I tell them I will read a story to them while we are waiting. I take one from the chalk tray to read and immediately am greeted by choruses of "We've already read that one." Knowing that as soon as I'd put it down and picked up another, they'd say the same thing, I say, "That's ok. It's a good book, so we'll read it again. If you prefer to continue reading your own, you may do so. But I'll read this one." I begin reading and immediately realize that there is a good reason why I tell my students in the credential program to always preview what you are going to read or show to students so you are well-prepared for how to use the material.
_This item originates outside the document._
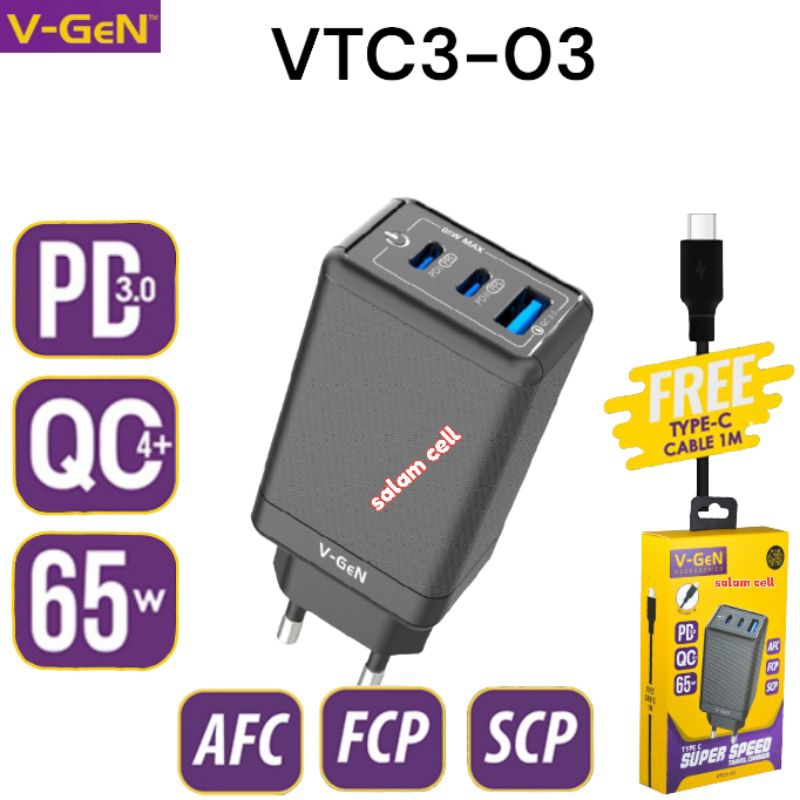 Charger V-Gen VCT3-03 65W 3Port PD3.0 Original Vgen Vct3 03 Garansi Resmi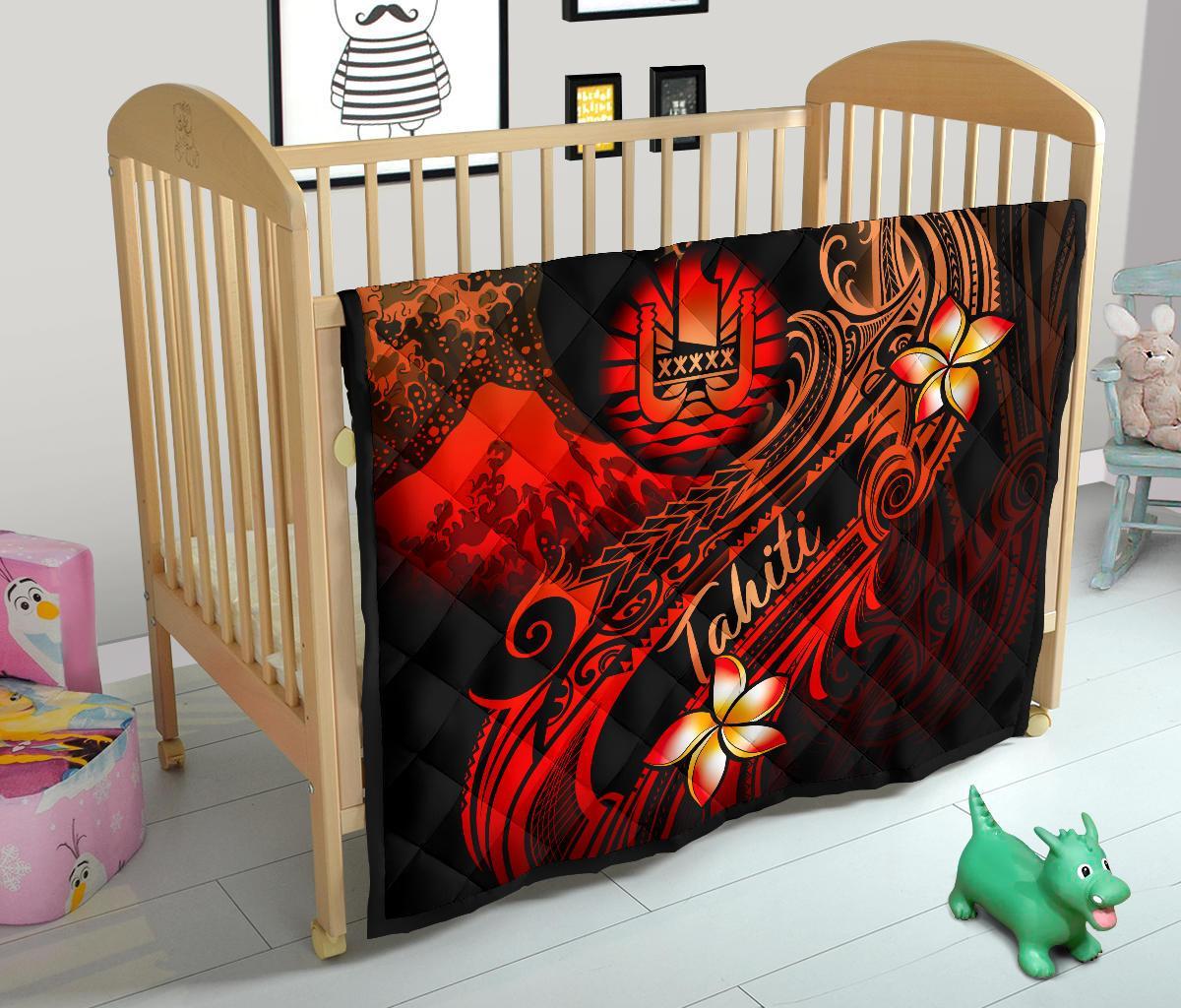 Tahiti Polynesian Premium Quilt - Plumeria Flowers And Waves - Polynesian Pride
The book is not good; it's laborious, wordy, uninteresting. Since I don't know where it is headed, I don't know how to skip some parts and liven it up. I feel the class slipping away. And I feel the frown on my face and the tension in my body. Ariana and Michelle go to the library corner in the back of the room to read. I watch them and confirm my approval of this through a nod and smile. But then, they begin to talk and fidget and push and pull at each other. "Ariana and Michelle," I interrupt my uninspired oral reading to say," you may sit there if you are reading quietly." I gamely continue reading, picturing at the same time my exhortations to the students in my reading methods class to "make the literature come alive with your enthusiasm..." Fortunately, Heather returns to announce that it is time to get on the bus.
We are the third class to board this bus. As luck would have it, I'm seated next to Andrew and Sam. We settle in. Heather leaves to check on the other buses, returns to announce that some of us have to go to another bus, and calls the names of about half of her class, indicating they are to go with her. She says to me, "Sorry to leave you like this. Are you ok?" "Sure," I say, squirming with anticipation of the return to a real teacher role. I'm to be in charge of this half of her class.